EXERCISE DESCRIPTION
Repeat exactly the lines that begin at the one containing "new 2026 Chevrolet" and end at the final line of the records; include no pictures and nothing else.

Captioned web images

[Start of section]

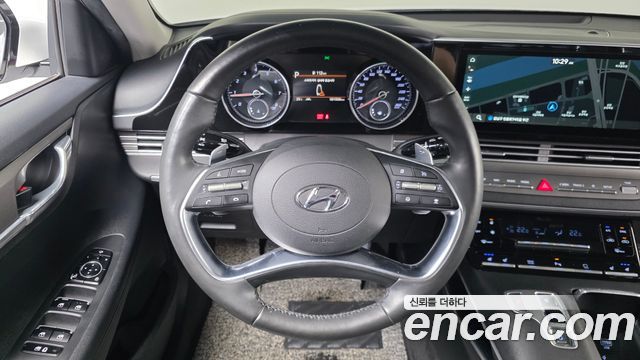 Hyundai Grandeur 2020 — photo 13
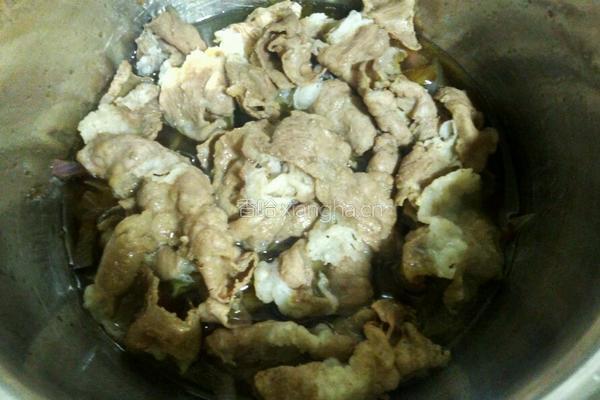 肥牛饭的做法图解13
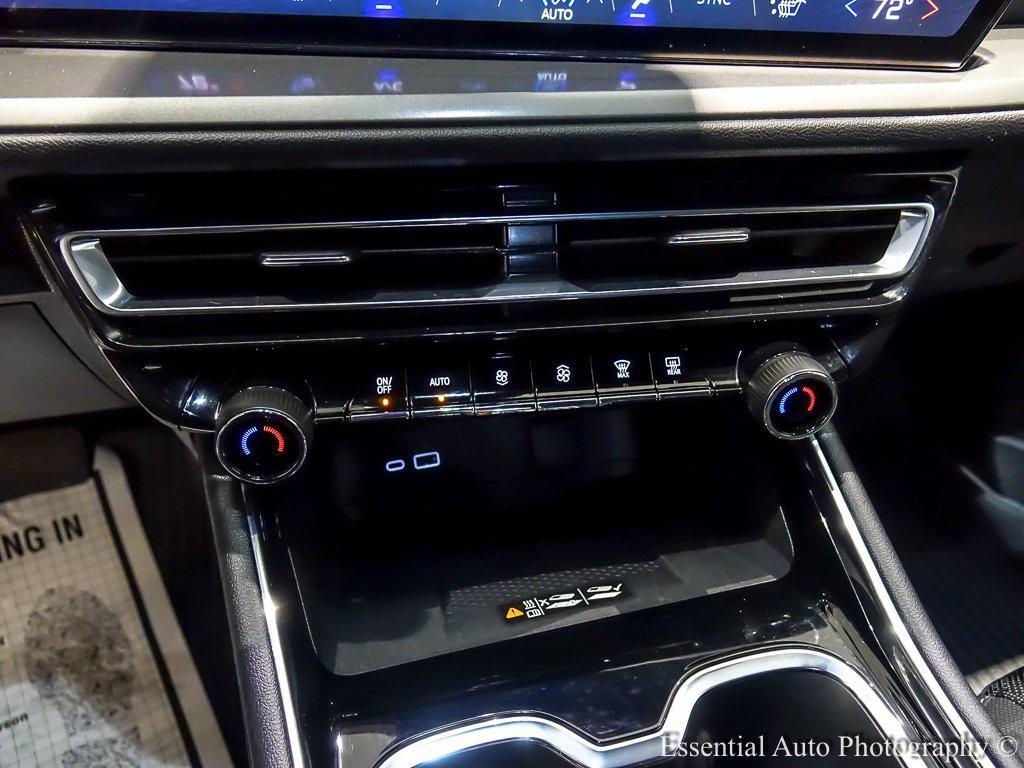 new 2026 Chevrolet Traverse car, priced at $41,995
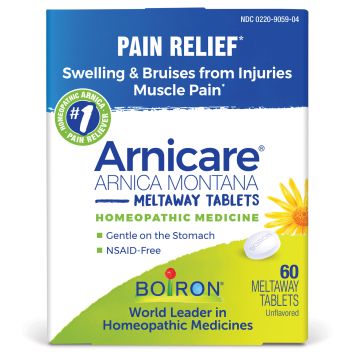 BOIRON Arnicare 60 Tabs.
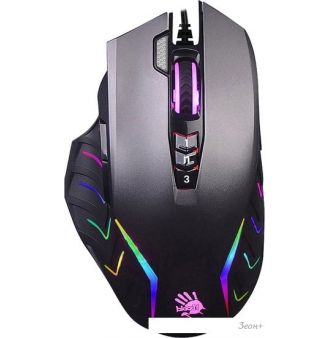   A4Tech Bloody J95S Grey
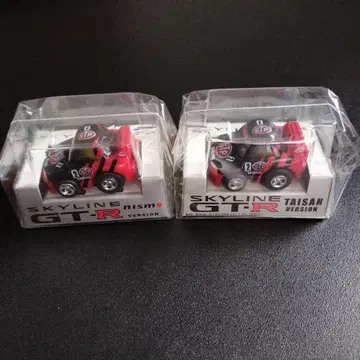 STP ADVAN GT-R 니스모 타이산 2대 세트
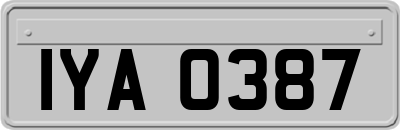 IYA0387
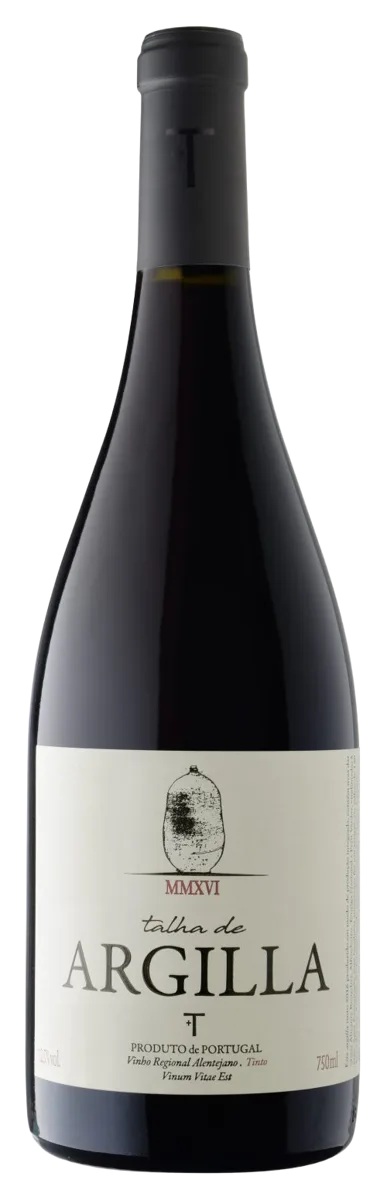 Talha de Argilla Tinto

[End of section]

TASK RESPONSE
 new 2026 Chevrolet Traverse car, priced at $41,995
 BOIRON Arnicare 60 Tabs.
   A4Tech Bloody J95S Grey
 STP ADVAN GT-R 니스모 타이산 2대 세트
 IYA0387
 Talha de Argilla Tinto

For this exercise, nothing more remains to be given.